Rear View B2B 2014 - The Swim


It was over too soon! It was a truly fantastic swim. Years ago (2009), I volunteered for my first B2B event. I was assigned the changing tent in T1 and I remember a woman rushing in and letting a big Woo Hoo! That was the fastest swim EVER! She was shaking from cold and excitement. That's how this swim felt. From the get-go I was relaxed and happy. Ace, Erica, Jen and I hit the south end cul-de-sac in the dark. I got to hug Lori Drake and catch up with Mike Worley. We donned our wetsuits under a street light and then shuffled out to the south end - just like we'd done all summer.  We got in the water, we danced at the start line, I hummed the national anthem and we were on our way. 



Two things went right and one went left.

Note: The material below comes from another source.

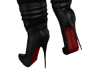 v. Red Bottom Boots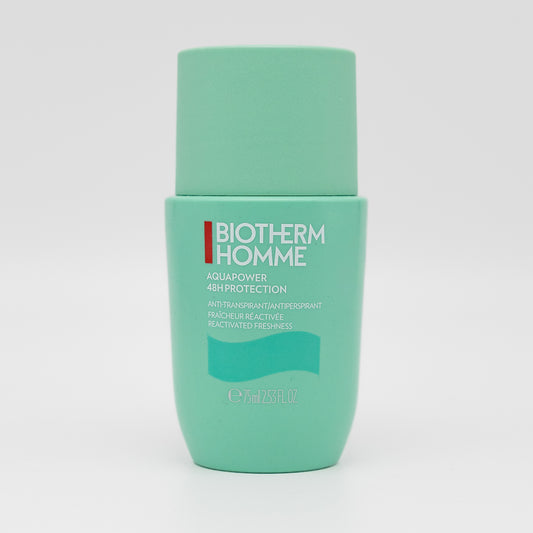 Biotherm Homme Aquapower 48H Anti-Transpirant 75 ML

The first thing is that I warmed up. I've learned that getting in the water before the horn blasts is essential for me. I was able to get in the water. I got the horrible part over - that cold shiver of water that creeps in through the wetsuit zipper at the small of my back. I put my face in the water. I swam 100 yards easy and then did a few sprint efforts back. I floated on my back and watched the sun rise. 

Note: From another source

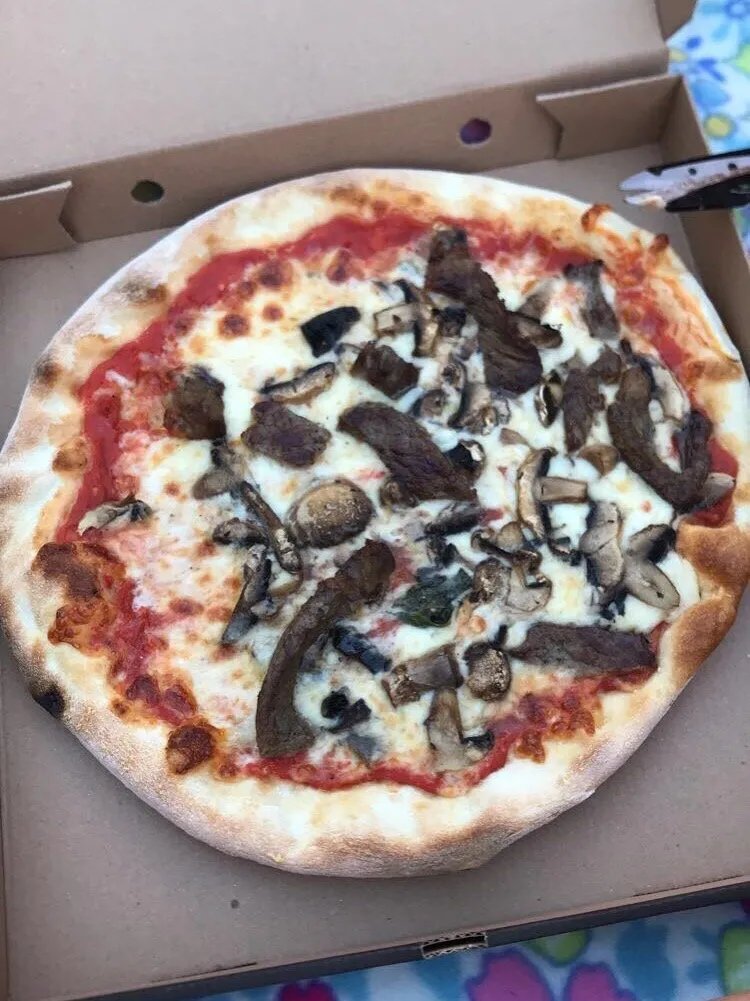 Trattoria Calabrese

The second thing that went right was the current. Compared to last year, the tide was rippin'!  It felt like I took three strokes and was past the coast guard station. Three more strokes and I could hear Tim Bomba at the 1.2 mile mark (start of the half iron). The thing that went left? Me. I have the advantage of knowing that channel. My unofficial mantra for the two weeks leading up to the race was I own this channel. I had swum the course and knew the tides. I knew not to go right and swim close to the piers. I know that I tend to veer right so I made sure I stayed left. When we hit the first left turn at Harbor Island, I knew to stay left. At some points I felt all alone - there's a lot of water out in my channel! -  but could tell I was flying past swimmers nearer to the pier. 

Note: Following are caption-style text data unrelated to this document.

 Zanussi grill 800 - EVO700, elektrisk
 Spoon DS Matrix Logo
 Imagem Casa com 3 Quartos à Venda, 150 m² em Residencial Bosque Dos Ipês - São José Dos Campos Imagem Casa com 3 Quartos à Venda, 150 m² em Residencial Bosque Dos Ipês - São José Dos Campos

Nothing went wrong, but I had a few obstacles to overcome. My biggest challenge was sighting, There are not a lot of buoys on the course and even though I know the channel, there were a few moments when I felt all alone. I sighted for a while on a coast guard vessel until I realized that it was escorting the faster swimmers and it quickly faded from view. At the halfway point, I was able to see my favorite landmark on Harbor Island and sight on it until I reached the turn buoy. Plus, no matter how new or well-fitting or fog resistant your goggles are, there are always goggle frustrations.

The only other issue I had was someone on my feet for at least 500 yards. At first I didn't care, but five minutes of someone tickling-my-toes-slash-grabbing-my-ankles was too much. I don't mind a drafter at my hip or my toes - just please don't touch me. I mean, didn't I mention that we have all this water out here? I don't really kick much in the first part of the race, I usually save my legs a little while. I picked up my kick and still couldn't lose him. I ddid about fifteen hard kicks and suddenly he was gone. [I assumed he was a he only because I wanted to chick someone that day.]